WHAT THE TASK ASKS —
Please report each line of the data below that contains "Chevrolet".

RECORDS FOR PROCESSING —
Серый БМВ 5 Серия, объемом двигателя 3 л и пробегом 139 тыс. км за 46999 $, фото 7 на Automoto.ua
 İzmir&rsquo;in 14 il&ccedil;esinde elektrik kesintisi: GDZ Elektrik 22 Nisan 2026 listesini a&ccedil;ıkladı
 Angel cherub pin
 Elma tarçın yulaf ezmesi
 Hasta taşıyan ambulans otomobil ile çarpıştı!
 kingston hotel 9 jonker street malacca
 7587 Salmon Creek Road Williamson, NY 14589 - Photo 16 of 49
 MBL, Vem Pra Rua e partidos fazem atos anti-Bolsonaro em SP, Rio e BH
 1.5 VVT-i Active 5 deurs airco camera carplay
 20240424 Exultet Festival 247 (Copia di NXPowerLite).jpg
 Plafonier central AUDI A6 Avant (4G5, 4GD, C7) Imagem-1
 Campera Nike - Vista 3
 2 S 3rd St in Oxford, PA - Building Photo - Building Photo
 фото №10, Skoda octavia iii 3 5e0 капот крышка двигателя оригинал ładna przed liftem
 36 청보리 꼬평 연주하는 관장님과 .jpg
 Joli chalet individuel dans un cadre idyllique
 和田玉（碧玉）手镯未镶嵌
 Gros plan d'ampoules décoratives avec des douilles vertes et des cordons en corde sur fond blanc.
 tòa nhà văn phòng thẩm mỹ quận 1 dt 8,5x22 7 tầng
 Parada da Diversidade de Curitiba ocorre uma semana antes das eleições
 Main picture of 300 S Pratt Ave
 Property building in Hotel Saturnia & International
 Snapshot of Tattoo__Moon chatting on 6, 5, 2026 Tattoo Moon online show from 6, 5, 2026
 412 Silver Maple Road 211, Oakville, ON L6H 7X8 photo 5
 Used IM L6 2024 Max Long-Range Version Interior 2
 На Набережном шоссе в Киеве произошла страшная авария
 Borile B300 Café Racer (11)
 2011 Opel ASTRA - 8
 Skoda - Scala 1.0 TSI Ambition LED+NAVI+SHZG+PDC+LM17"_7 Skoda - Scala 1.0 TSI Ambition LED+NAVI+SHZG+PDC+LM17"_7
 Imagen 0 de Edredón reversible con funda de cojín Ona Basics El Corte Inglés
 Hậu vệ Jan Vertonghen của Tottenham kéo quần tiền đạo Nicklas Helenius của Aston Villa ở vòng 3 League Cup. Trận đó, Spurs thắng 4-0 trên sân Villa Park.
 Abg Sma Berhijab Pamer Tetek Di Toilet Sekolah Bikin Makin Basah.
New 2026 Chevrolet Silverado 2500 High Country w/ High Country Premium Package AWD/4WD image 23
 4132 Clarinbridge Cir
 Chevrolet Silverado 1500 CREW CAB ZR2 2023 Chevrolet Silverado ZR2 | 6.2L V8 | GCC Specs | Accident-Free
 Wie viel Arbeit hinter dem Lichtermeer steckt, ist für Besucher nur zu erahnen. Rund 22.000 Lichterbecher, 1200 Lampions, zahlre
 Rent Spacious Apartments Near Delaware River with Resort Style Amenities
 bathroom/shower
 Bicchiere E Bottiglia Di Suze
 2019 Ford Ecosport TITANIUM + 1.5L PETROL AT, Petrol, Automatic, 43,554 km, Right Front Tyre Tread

ANSWER TO THE PROBLEM —
New 2026 Chevrolet Silverado 2500 High Country w/ High Country Premium Package AWD/4WD image 23
 Chevrolet Silverado 1500 CREW CAB ZR2 2023 Chevrolet Silverado ZR2 | 6.2L V8 | GCC Specs | Accident-Free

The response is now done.